Global PC growth should average between 5 and 5.5 percent through 2014. Big capacity bumps should come from Saudi Kayan Petrochemical Co., which is adding 570 million pounds at a new plant in Jubail, Saudi Arabia, and from Leverkusen, Germany-based Bayer AG, which plans to add more than 200 million pounds at a plant in China.
But PC in the short-term will struggle with tightness in raw materials benzene and propylene, which are resulting from lighter natural gas-based feedstocks being used in petrochemical production, instead of ones based on crude oil. CMAI estimated global PC demand at about 7 billion pounds in 2009, with about 53 percent of demand coming from northeast Asia.
In spite of the long-term slump, optical media-grade PC is in short supply right now, prompting increases of as much as 50 percent in the first half of 2010. The upcoming DVD releases of the blockbuster films Avatar and New Moon also may drive short-term optical media demand, Beale said.
PC makers also will continue to pursue auto-window glazing, which could create 55 pounds of new demand per vehicle and increase global PC demand by 50 percent. This potential growth is why suppliers have spent so much time and effort to develop the [auto glazing] sector, Beale said.
But he added that PC suppliers also have to be aware of the impact of alleged health risks connected to PC feedstock bisphenol A. Those concerns already have impacted demand for PC baby bottles and could affect bottles for sports applications and 5-gallon water coolers as well.
In ABS, supplies of acrylonitrile and butadiene feedstocks are tight, leading two of North America's three major suppliers to declare force majeure. Price hikes already have hit that market, with more on the way. Beale said prices are expected to remain high through 2011, but will be alleviated somewhat by the arrival of material imported into North America.
Global ABS demand should grow at a 6 percent annual rate through 2014, according to Houston-based CMAI. In 2009, almost 70 percent of global ABS demand came from northeast Asia. About 42 percent of global demand came from the appliance market. Total market demand size was estimated at 14.3 billion pounds.
Beale said that appliance uses including refrigerator liners, floor care and kitchen electrics are expected to remain the largest market for ABS in the near future.
For nylon, the feedstock story is somewhat similar, with nylon 6 resin affected by tight benzene and nylon 6/6 resins affected by tight butadiene, according to CMAI market analyst Paul Blanchard.
A major slowdown in auto production which fell more than 30 percent in North America in 2009 has had a big impact on the nylon field, since 36 percent of global demand comes from that sector.

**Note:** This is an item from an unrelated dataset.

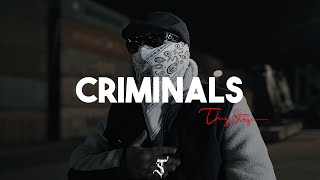 FREE Emotional Drill x Sad Drill type beat quotCriminalsquot [upl. by Windzer]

China which accounted for almost 30 percent of world nylon demand last year helped alleviate lower exports with a drive a mini-bus to the countryside incentive program, which led to higher vehicle sales, Blanchard said. And even in a tough market, nylon eked out some growth in non-durable items such as films for meat and cheese.
Longer-term, both materials are expected to bounce back, with nylon 6 averaging 3 percent global demand growth through 2014, and nylon 6/6 faring even better with an 8 percent growth rate during that period, according to CMAI.
China isn't the only story, Blanchard said. The return of the post-recession economy will improve [nylon] demand in North America by 2012.
He also cited a possible threat to nylon from polypropylene in the auto sector, where Volkswagen recently chose a glass fiber-filled PP grade made by Vienna-based Borealis AG to replace nylon in an air-intake manifold part. The switch was made because the part didn't need nylon's super-high-heat resistance and because PP provided thickness and weight savings, as well as moisture resistance, Blanchard said.
But even with the potential PP threat, nylon continues to make inroads in replacing metal in auto applications.
Metal replacement is still a prime target, Blanchard said.